What this dot point is asking

AQA wants you to discuss the ethical, legal and cultural issues raised by digital technology, identify the stakeholders affected, and weigh the benefits against the drawbacks.

The three overlap but are assessed separately. Something can be legal but ethically questionable (for example, legally collecting data in ways users do not really understand), and a cultural change (such as fewer human jobs) can follow from a decision that is both legal and, to the business, ethical. Using the right label for each issue is part of what the exam rewards.

Stakeholders

Weighing benefits and drawbacks

Common issues you can draw on

Several recurring issues give you material for discussion questions. Automation and jobs: technology can replace human roles, helping businesses but causing unemployment. Data and privacy: collecting personal data can improve services but risks misuse, raising both ethical and legal concerns. The digital divide: as essential services move online, those without access or skills are excluded, a cultural and ethical fairness issue. Artificial intelligence: automated decisions can be fast and consistent but may be biased or hard to challenge. Online behaviour: social media affects mental health and the spread of misinformation. Knowing a handful of these, and the stakeholders each affects, lets you build a balanced answer for almost any scenario the exam sets.

Try this

Q1. State what a stakeholder is. [1 mark]
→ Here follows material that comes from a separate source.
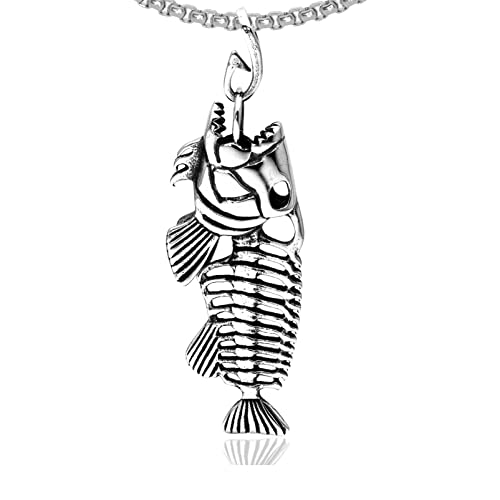 Xusamss Hip Hop DJ Titanium Steel Huge Fish Bone Pendant Skull Necklace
  • Cue. Any person or group affected by a computer system or technology decision.

Q2. Explain one ethical issue raised by collecting users' personal data. [2 marks]

  • Cue. It can improve a service, but using or selling data without clear consent threatens users' privacy, which may be morally wrong.

Exam-style practice questions

Practice questions written in the style of AQA exam questions on this dot point, with worked answer explainers. The year tag is the paper they imitate, not the source.

AQA 20205 marksA supermarket replaces its staffed checkouts with self-service machines. Discuss the ethical and cultural issues this raises, referring to the different stakeholders affected.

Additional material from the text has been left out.